Year 170 BC was a year of the pre-Julian Roman calendar. At the time it was known as the Year of the Consulship of Mancinus and Serranus (or, less frequently, year 584 Ab urbe condita). The denomination 170 BC for this year has been used since the early medieval period, when the Anno Domini calendar era became the prevalent method in Europe for naming years.

== Events ==

=== By place ===
==== Greece ====
- In Thessaly, King Perseus of Macedon repulses a Roman army which is commanded by Aulus Hostilius Mancinus.

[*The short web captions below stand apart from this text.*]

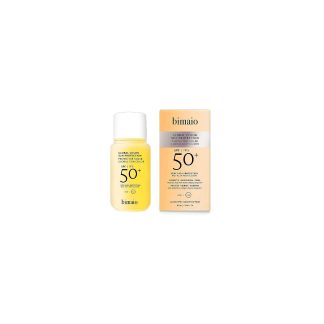 Bimaio Protector Solar Color Spf50 50ml
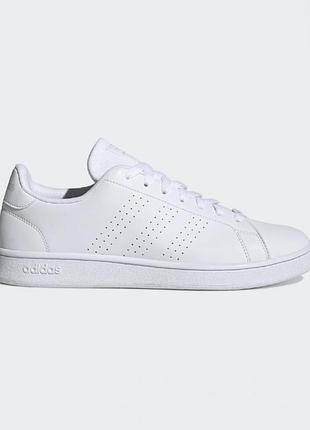 Кросівки чоловічі adidas advantage base (арт.ee7692) 42.5 (27см)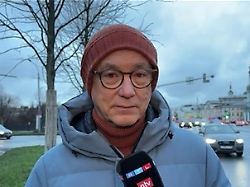 Rainer Munz: "Merkels Argumentation ist nicht schlüssig"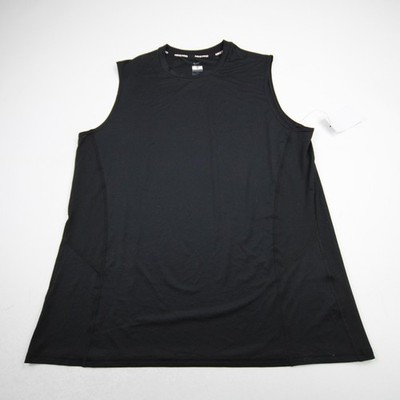 Nike Pro Compression Top Men's Black New with Tags XL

Meanwhile, the Thracian city of Abdera is sacked by Roman and Pergamese troops.

==== Egypt ====
- With the guardians of the young king Ptolemy VI Philometor demanding the return of Coele-Syria to Egyptian control, the Seleucid king, Antiochus IV Epiphanes, decides on a preemptive strike against Egypt and invades the country, conquering all but the city of Alexandria. He is also able to capture Ptolemy VI.
- Antiochus IV decides to let Ptolemy VI continue as king of Egypt, but as his puppet. He does this to minimise any reaction from Rome towards his invasion. Antiochus IV then departs Egypt to deal with disturbances in Palestine, but he safeguards his access to Egypt with a strong garrison in Pelusium.
- With Antiochus IV now absent from the country, the citizens of Alexandria choose Ptolemy VI's brother Ptolemy VIII Euergetes II as their king. The two Ptolemy brothers agree to rule Egypt jointly with their sister Cleopatra II and Coele Syria is invaded by the Egyptian forces.

==== Seleucid Empire ====
- The usurped high priest of Judea, Jason, does not abandon his claims to being the high priest which he has lost to Menelaus two years earlier. While Antiochus IV is waging war against Egypt, he succeeds in making himself master of Jerusalem once more and forces Menelaus to seek refuge in the citadel.

==== Bactria ====
- Around this time, Eucratides, who is either a rebellious Bactrian official or a cousin of the Seleucid king Antiochus IV Epiphanes, captures the throne of the Greco-Bactrian Kingdom by toppling the Euthydemid dynasty's king Antimachus I.

== Births ==
- Dionysios Thrax, a Hellenic grammarian who will live and work in Alexandria and later on Rhodes (d. 90 BC)
- Lucius Accius (or Lucius Attius), Roman tragic poet and literary scholar (d. c. 86 BC)
- Apollonia Senmothis, Greek-Egyptian businesswoman.